NASA chooses two smallsat proposals for deep space science

NASA has announced that it has selected a pair of proposals to demonstrate the small satellite technologies that are aimed at improving science observations in deep space. The goal for the proposals is to improve observations to allow NASA to develop models to predict space weather events that can impact astronauts and spacecraft.

NASA also notes that this is the first time that the heliophysics program has funded this kind of technology demonstration program. Peg Luce, deputy director of the Heliophysics Division at NASA says that providing the chance for the technology to mature in deep space is a crucial step towards incorporating the new tech into future missions. Both of the proposals that NASA selected are funded with $400,000 for nine-month mission concept studies.

Both were selected based on potential technology and science value and the feasibility of developed plans. The proposals will support the NASA heliophysics program that seeks to better understand the nature of space throughout the solar system. The programs also want to determine how space changes in response to the outpouring of energy and particles from the Sun.

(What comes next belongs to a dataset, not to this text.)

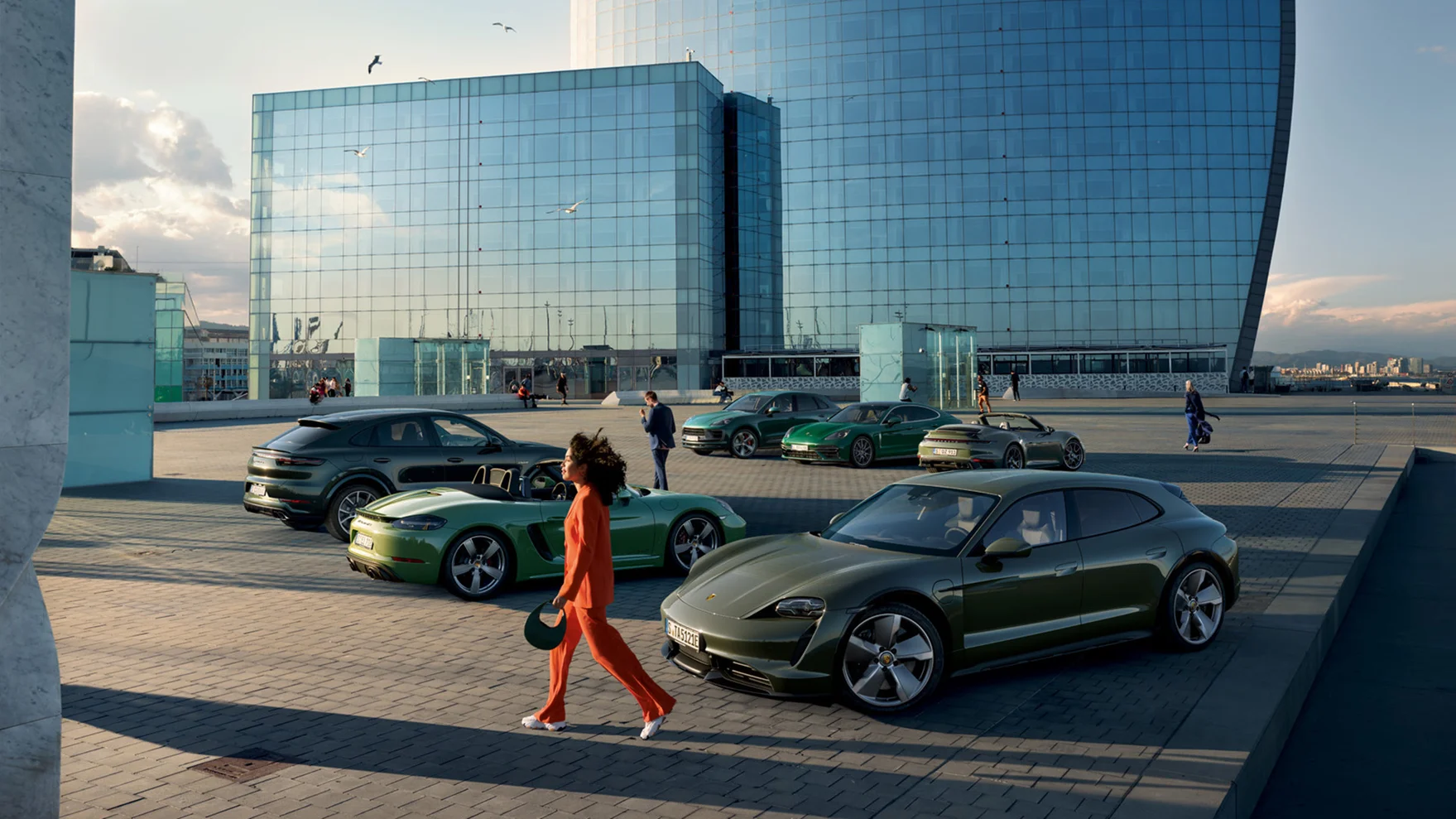 Une femme passe devant plusieurs modèles de Porsche de différentes couleurs.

When the nine-month period is over, one proposal will be selected to launch as a secondary payload on the NASA Interstellar Mapping and Acceleration Probe known as IMAP. That probe is set to launch in October 2024. The two proposals include Science-Enabling Technologies for Heliophysics (SETH).

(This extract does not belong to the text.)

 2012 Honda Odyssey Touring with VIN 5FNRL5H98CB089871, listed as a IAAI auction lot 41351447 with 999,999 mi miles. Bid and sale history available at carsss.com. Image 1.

SETH aims to demonstrate two technologies, including and optical communications technology for satellites and CubeSats. The second is to detect solar energetic neutral atoms as a system that could enable advanced warnings for radiations levels hazardous to astronauts. The other is Solar Cruiser that has two technologies, including an 18,000 square foot solar sail to demonstrate the use of solar radiation for propulsion. It also has a coronagraph instrument that would measure the Sun's magnetic field structure and velocity of coronal mass ejections.